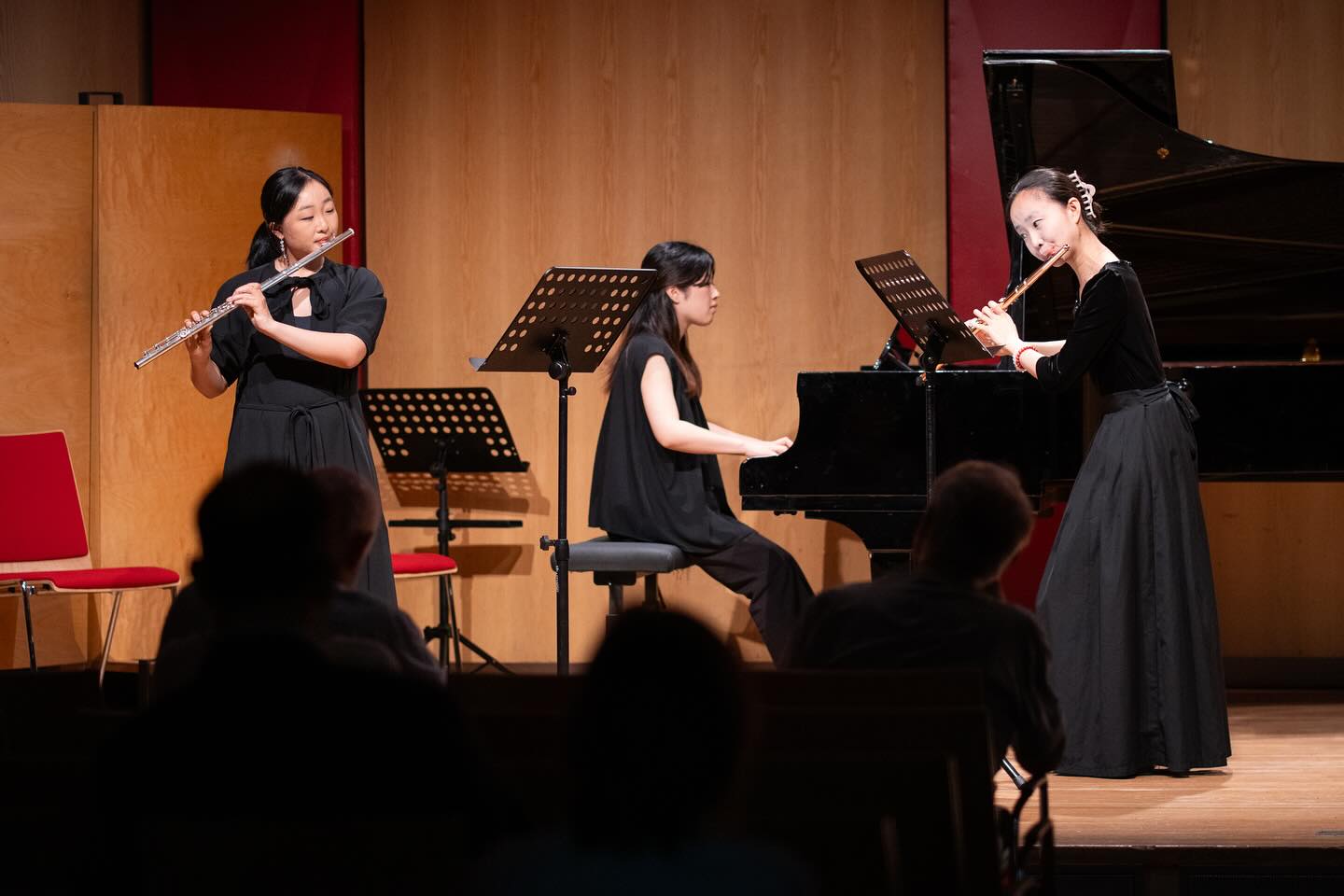 What a great way to finish off this summer semester at the @hfmt_koeln by performing in two chamber music concerts across Cologne and Aachen with my colleagues 🎶🇩🇪✨
It was so great to be able to prepare the Friedrich Kuhlau Trio for two flutes & piano Op. 119 as well as Jacques Ibert’s Entr’acte for flute & guitar!🥰 🪈🎹
Flute: @qiaoyibear
Piano: @yuna__01pf
Guitar: @rei.guit
Looking forward to begin preparing for the next few recitals that I’ve got planned in Brisbane, Gold Coast and Melbourne in July ☺️🎵
🎙️Link in bio for full recordings
📸 Carlin from @minim.pictures
.
.
.
.
.
.
#flute #flûte #fluteplayer #fluteplayers #flöte #chambermusicians #chambermusic #flutetrio #piano #chamberrecital #recitalrecording #fløte #flote #flutist #flutistsofinstagram #flutists #flütist #flautist #flautistas #classicalmusicians #classicalflute #classicalmusic #germany #kammermusik #música #klavier #fluteduo #kuhlau #pianist #ibert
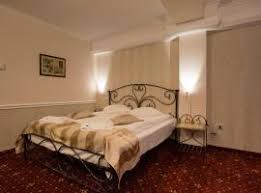 Restaurantul hotel otopeni este situat la parterul hotelului, avand o capacitate de 60 persoane. Cele Mai Bune 10 Hoteluri Din Otopeni PreÈ›uri De La 143 Lei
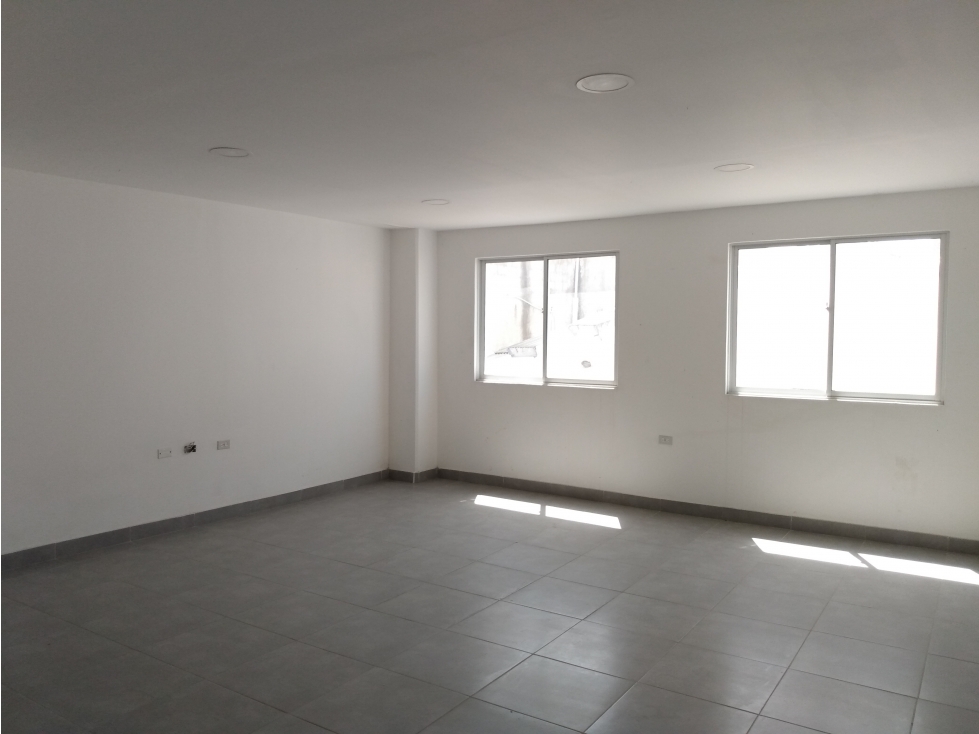 Cartagena Arriendo Oficina en el Bosque — foto 2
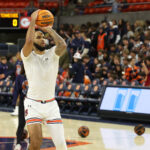 Auburn star Johni Broome warms up.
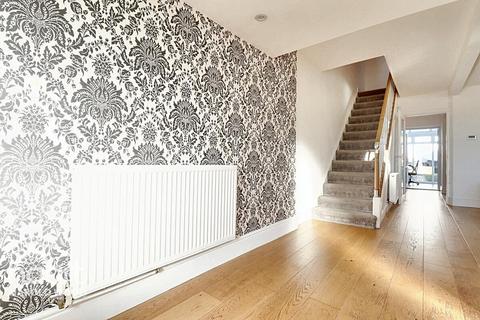 45 Hamilton Drive, Romford, RM3 0UX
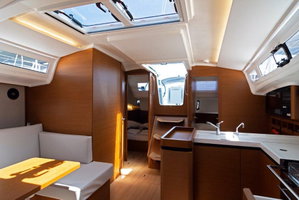 Sun Odyssey 410 „Shaken Not Stirred“ – fotka 9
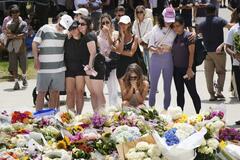 豪ビーチで乱射 １５人死亡　　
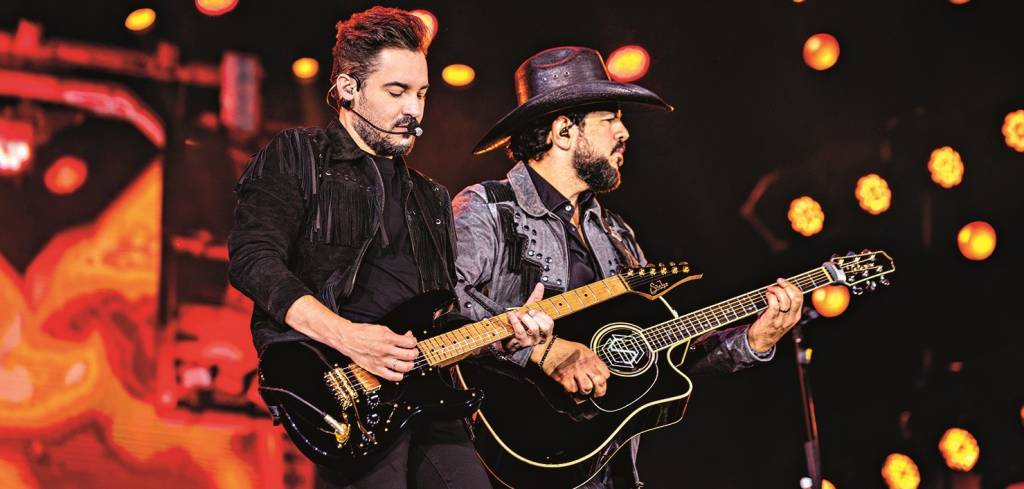 Fernando & Sorocaba celebram 20 anos de carreira com show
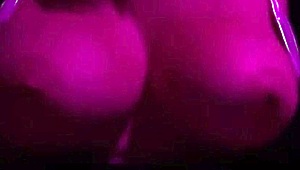 Артемисия любит, как её огромные сиськи вываливаются из микро бикини на улице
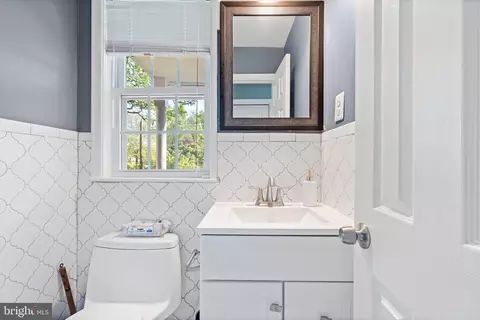 Bath - 2302 Muskogee St, Hyattsville, MD 20783 photo 5 of 6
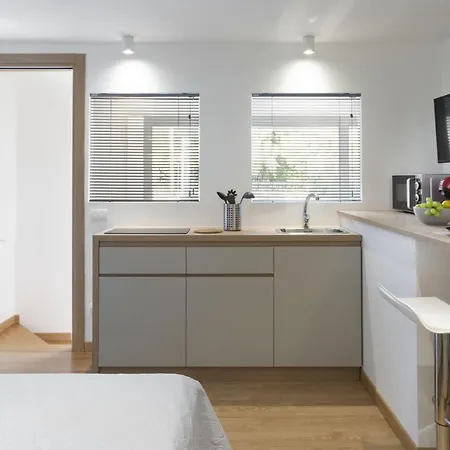 Mini House 2 *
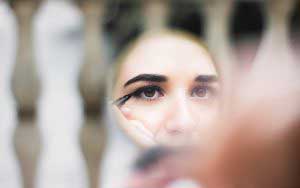 ترفندهای کشیدن خط چشم مایع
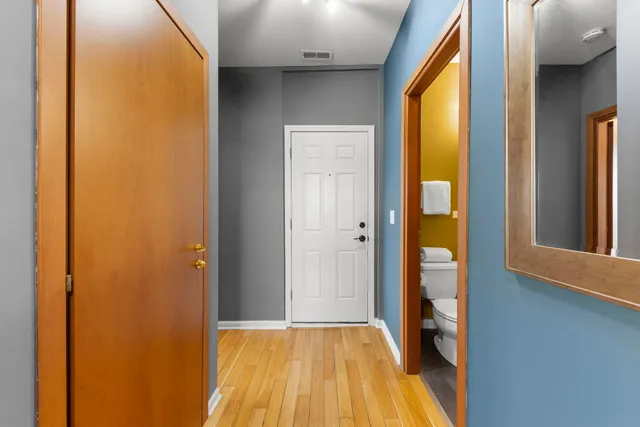 $360,000 | 5054 North Troy Street, Unit 3, Chicago, IL 60625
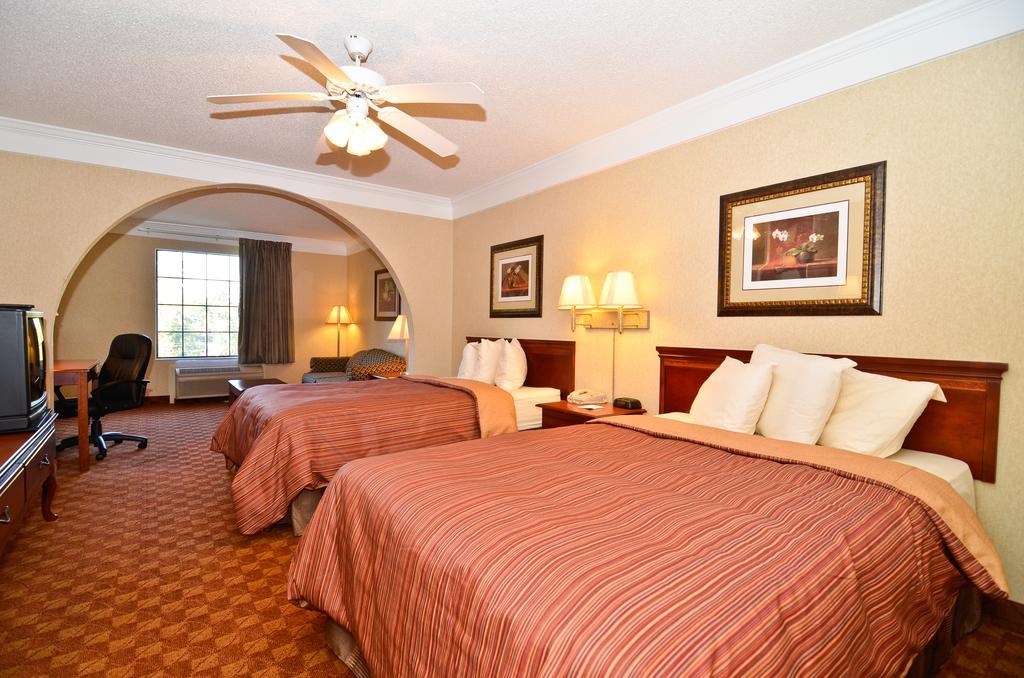 Peach State Inn & Suites Hawkinsville Экстерьер фото
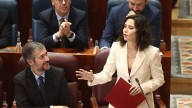 Ayuso carga contra un PSOE "profundamente machista" y se pregunta "¿a quién van a poner ahora al frente? ¿A Rocco Siffredi?"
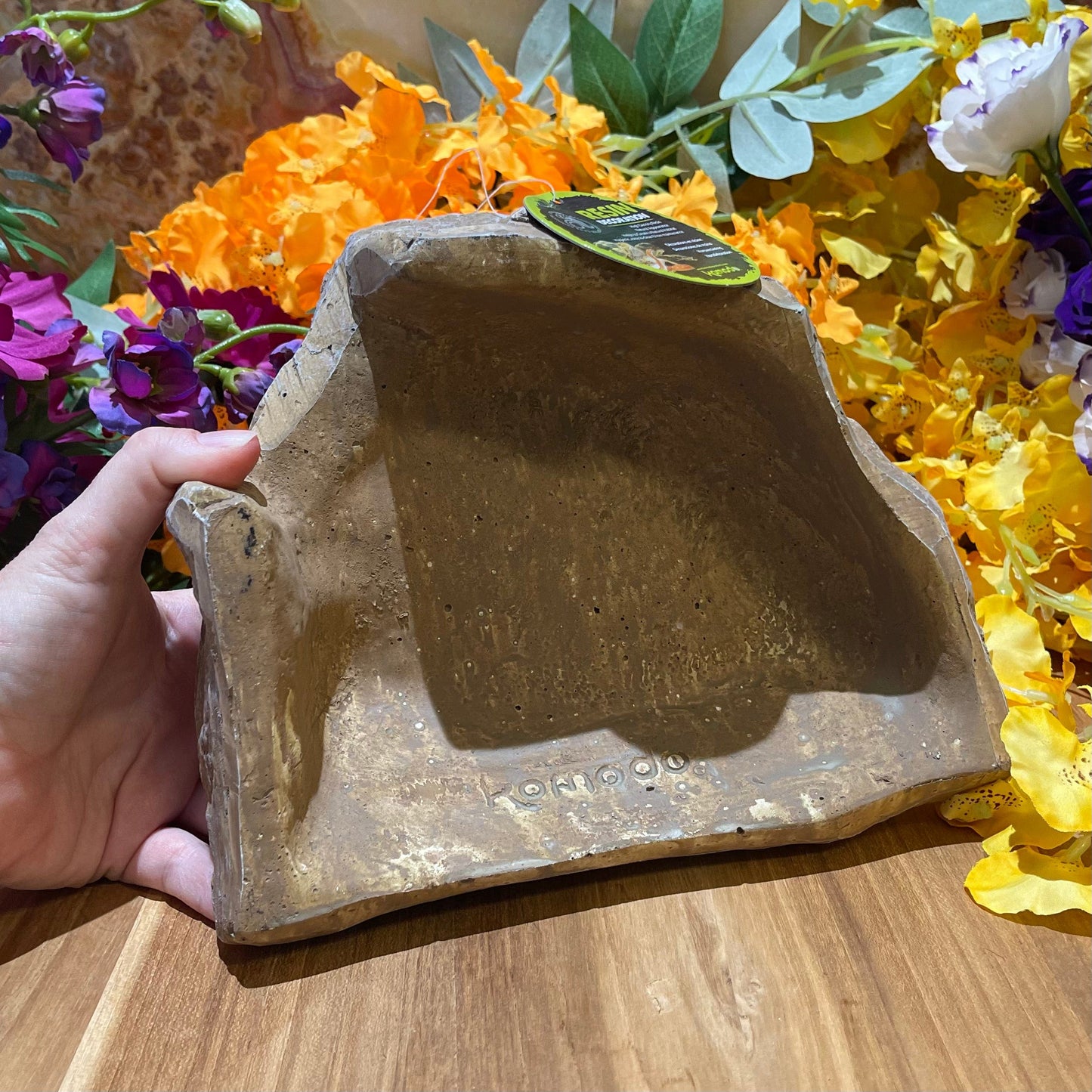 Komodo Resin Rock Decor Komodo Reptile Rock Den Sandstone Large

**WHAT IS BEING ASKED:** Exactly the lines from the line that contains "Mini House 2 *" through the last line above, and no other lines, must be output, with pictures excluded.

**EXPECTED ANSWER:**
 Mini House 2 *
 ترفندهای کشیدن خط چشم مایع
 $360,000 | 5054 North Troy Street, Unit 3, Chicago, IL 60625
 Peach State Inn & Suites Hawkinsville Экстерьер фото
 Ayuso carga contra un PSOE "profundamente machista" y se pregunta "¿a quién van a poner ahora al frente? ¿A Rocco Siffredi?"
 Komodo Resin Rock Decor Komodo Reptile Rock Den Sandstone Large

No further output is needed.